YOUR ASSIGNMENT — Of the entries below, return only those lines from the line with "Used Audi A4L" to the line with "新一代女探花今天没有约男人就和闺蜜两个人直接玩", exactly, both included.

[Extracted records]
=====
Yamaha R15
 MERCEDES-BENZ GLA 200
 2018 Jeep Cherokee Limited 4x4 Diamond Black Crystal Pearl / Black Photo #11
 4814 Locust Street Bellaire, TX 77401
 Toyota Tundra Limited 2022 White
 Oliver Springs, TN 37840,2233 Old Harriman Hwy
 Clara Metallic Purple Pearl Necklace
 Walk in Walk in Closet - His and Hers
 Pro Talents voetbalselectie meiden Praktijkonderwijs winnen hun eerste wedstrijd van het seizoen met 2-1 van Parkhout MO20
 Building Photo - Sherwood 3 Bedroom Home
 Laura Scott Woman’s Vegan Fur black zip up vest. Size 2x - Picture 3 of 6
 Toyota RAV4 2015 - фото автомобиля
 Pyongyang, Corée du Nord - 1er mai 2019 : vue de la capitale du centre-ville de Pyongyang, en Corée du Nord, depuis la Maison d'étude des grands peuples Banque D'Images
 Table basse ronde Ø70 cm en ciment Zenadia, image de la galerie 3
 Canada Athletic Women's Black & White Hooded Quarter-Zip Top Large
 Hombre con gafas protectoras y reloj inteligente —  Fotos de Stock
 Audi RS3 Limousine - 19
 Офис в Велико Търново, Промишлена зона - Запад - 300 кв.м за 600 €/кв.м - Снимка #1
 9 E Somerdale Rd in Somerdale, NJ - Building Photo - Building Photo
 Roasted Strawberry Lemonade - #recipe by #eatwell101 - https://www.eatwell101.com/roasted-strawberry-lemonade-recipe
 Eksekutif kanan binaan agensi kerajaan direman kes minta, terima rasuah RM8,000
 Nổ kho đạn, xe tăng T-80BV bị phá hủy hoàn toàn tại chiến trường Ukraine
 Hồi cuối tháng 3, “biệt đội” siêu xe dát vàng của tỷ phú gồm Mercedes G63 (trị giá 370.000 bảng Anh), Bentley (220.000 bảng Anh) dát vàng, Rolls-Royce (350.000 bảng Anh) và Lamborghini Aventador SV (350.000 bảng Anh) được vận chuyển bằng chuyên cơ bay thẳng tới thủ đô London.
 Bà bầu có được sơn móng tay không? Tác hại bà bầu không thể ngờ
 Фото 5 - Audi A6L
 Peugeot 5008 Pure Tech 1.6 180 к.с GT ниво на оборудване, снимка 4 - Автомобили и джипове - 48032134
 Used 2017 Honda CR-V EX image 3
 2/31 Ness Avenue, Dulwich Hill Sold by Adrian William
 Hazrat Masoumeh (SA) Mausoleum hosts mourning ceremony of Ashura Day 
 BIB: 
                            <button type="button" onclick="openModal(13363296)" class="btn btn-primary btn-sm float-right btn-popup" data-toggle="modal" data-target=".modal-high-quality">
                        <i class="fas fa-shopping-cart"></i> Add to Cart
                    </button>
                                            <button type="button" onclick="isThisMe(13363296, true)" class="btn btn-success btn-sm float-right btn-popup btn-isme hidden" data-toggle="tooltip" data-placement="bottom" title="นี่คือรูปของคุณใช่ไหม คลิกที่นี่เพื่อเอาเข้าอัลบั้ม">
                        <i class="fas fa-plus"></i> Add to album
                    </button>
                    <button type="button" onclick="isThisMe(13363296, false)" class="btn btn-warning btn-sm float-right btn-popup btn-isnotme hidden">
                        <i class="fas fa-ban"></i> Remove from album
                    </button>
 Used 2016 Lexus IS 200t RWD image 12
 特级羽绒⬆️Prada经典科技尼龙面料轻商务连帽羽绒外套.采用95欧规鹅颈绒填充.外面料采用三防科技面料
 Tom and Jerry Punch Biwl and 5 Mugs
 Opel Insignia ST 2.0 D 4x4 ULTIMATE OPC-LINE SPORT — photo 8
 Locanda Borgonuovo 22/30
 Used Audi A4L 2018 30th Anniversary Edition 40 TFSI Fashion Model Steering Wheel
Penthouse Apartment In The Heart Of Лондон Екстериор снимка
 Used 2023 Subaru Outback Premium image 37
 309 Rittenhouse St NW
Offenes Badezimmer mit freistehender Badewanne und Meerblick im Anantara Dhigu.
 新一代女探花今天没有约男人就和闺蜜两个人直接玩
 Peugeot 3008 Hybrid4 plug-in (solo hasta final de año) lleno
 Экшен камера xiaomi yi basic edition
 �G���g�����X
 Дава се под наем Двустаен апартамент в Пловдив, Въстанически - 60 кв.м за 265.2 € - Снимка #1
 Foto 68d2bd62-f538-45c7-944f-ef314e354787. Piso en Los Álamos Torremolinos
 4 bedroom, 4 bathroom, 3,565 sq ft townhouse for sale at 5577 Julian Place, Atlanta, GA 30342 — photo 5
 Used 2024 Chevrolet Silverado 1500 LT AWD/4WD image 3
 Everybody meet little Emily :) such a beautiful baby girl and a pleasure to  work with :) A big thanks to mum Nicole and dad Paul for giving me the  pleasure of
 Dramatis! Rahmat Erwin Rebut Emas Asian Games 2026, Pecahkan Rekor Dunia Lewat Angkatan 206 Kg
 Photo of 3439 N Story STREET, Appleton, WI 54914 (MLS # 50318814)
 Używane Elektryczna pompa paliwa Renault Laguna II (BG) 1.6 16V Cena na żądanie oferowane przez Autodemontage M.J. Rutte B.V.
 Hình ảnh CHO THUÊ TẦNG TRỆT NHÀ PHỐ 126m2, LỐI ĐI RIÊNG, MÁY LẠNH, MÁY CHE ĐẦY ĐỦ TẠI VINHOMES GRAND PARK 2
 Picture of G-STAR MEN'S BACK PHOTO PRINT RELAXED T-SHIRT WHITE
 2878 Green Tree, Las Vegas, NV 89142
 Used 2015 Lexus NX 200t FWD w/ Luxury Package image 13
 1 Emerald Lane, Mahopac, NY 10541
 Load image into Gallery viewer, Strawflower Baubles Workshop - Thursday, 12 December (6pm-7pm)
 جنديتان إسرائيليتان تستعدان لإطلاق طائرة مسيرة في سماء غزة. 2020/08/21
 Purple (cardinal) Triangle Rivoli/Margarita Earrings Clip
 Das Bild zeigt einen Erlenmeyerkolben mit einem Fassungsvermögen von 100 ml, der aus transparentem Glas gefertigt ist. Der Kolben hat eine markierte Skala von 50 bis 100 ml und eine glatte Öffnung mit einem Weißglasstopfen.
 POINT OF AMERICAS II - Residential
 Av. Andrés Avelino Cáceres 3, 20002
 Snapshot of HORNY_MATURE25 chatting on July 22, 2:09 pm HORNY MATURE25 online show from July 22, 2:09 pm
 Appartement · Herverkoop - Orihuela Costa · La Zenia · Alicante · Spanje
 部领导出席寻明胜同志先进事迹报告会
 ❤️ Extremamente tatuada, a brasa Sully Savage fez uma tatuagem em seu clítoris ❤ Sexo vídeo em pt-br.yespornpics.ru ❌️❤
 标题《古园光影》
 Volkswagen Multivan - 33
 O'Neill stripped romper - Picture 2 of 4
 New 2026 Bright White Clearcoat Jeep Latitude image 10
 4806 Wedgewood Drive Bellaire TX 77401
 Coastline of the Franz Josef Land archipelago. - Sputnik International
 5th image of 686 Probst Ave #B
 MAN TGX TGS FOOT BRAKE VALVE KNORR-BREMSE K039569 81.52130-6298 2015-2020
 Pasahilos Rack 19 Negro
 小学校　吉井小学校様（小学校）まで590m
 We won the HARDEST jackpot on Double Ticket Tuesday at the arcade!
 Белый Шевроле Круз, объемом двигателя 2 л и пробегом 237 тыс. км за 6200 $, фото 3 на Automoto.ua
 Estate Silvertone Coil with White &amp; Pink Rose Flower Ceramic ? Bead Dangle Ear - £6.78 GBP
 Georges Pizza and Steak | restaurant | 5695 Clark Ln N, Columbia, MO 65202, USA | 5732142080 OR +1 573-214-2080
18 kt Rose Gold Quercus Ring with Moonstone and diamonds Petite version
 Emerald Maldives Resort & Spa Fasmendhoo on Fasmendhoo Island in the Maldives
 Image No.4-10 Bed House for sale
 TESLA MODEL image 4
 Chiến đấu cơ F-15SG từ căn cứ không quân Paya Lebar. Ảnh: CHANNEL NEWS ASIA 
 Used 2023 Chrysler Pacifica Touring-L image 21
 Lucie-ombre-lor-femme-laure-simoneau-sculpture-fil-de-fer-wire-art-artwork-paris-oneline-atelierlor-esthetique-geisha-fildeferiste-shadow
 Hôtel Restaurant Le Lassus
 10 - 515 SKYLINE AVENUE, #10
=====
RESULT —
 Used Audi A4L 2018 30th Anniversary Edition 40 TFSI Fashion Model Steering Wheel
Penthouse Apartment In The Heart Of Лондон Екстериор снимка
 Used 2023 Subaru Outback Premium image 37
 309 Rittenhouse St NW
Offenes Badezimmer mit freistehender Badewanne und Meerblick im Anantara Dhigu.
 新一代女探花今天没有约男人就和闺蜜两个人直接玩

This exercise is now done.